Потому-то нам и нелегко отделить эссенциализм от субстанциализма. Мы должны признать, что Поппер отражает широко распространенный взгляд на сущность, когда характеризует ее, как в ранее приведенном пассаже, как «сущность, или “существенную природу” вещей – как реальности, лежащие за видимостями». Это, однако не соответствует позиции Аристотеля: хотя Аристотель и различает свойства и качества, он все-таки относит их к одному уровню реальности; ничто не скрыто, но просто существуют два разных «способа существования»: субстанция существует «в себе», тогда как свойства и качества существуют только в некоторой «субстанции». Но это было онтологическим различением, не слишком приемлемым для тех, кто был чувствителен только к эпистемологическим различениям[26].

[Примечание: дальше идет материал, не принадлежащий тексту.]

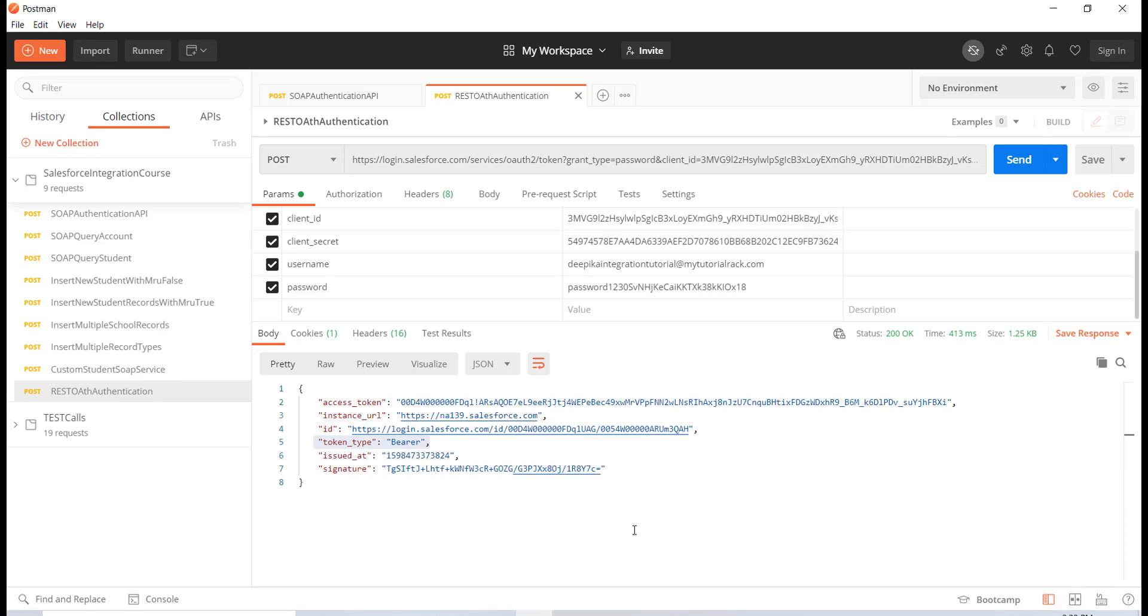Now we have authenticated ourselves and retrieved our access token. In the next tutorial we are all good to make any REST calls from our Postman. How do we do that? We will talk about it in the next tutorial. Thank you.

То, к чему мы пришли в результате, было в некотором смысле необходимым заключением. Когда мы начинаем когнитивное предприятие касательно чего-то, наша цель – не более (но и не менее) чем установить, «что это такое», сверх того, что мы установили, «что это есть», а также описать, «как оно есть». Но установить относительно некоторого предмета, «что это такое», очевидно, подразумевает определение его сущности (в подлинном и неопороченном смысле, упомянутом выше). Соответственно, мы будем называть это «корректным» понятием сущности. Так что неудивительно, что общая цель всякого полноценного когнитивного предприятия, или стремления к «научному» знанию, как это называли, для Аристотеля и его последователей должна была состоять в познании сущности (не в смысле знания путем ознакомления, а в смысле пропозиционального знания). Это действительно было идеалом «традиционной» науки. Но эта программа оказалась вовлечена в различные исторически объяснимые, но логически необязательные осложнения под влиянием дополнительной нагрузки, которой было отягчено познание сущности. Одной ее частью было требование сорвать с вещи все ее «внешние» свойства, связанные просто со случайным фактом, «что» она там была, а также со столь же случайными способами, «какими» она себя проявляла, чтобы обнаружить «за» этим случайным фасадом, «что» она действительно такое. Ясно, что попытка ухватить сущность содержит большую долю догадок, и эти попытки добиться результатов не могли не приводить к фрустрации[27].
Именно эту интеллектуальную ситуацию Галилей не был готов больше терпеть[28].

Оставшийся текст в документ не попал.